It looks like McDonalds’ employees are less than happy with the famous golden arches. They are facing lawsuits in three states, all seeking class-action status. The complaints were filed in New York, Michigan, and California. New York has one complaint filed, while Michigan has two and three respectively.
Depending on the state, the claims alleged in the suits vary across an expanse of issues. In Michigan, McDonald’s is accused of using tracking/targeting software which monitors the ratio of labor costs to revenue percentages. If the ratio outnumbers the target, McDonald’s postpones employees from clocking in as to cut cost per revenue. Therefore, employees are at work, reporting to work, but not getting paid because McDonald’s is disallowing them from clocking in.
Other violations stem from uniform issues. We blogged about uniform issues previously, here.

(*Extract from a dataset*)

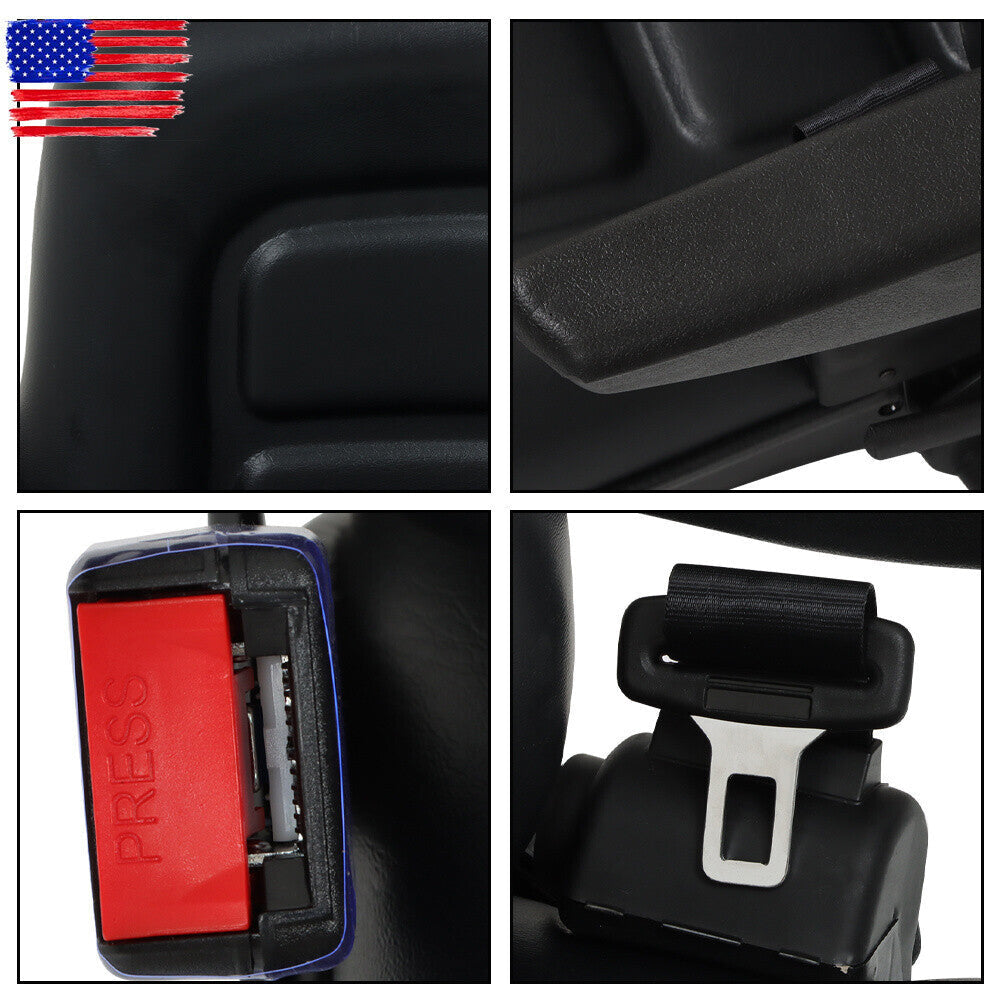 Adjustable Seat w/Safety Belt & Armrest Universal Forklift Tractor Seat PVC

New York alleges that McDonald’s did not reimburse employees for maintaining and cleaning their uniforms, and Michigan alleges they did not pay for uniforms at all, in violation of state law. California’s complaints entail the alteration of pay records and denial of rest breaks. Each rest break is subject to a premium if not provided by McDonald’s. Therefore, for every rest or meal break missed, the employee is entitled to an hour’s worth of pay.
Franchise owners and McDonald’s Corporate alike are named in the suits. Over 14,000 McDonald’s restaurants are franchised.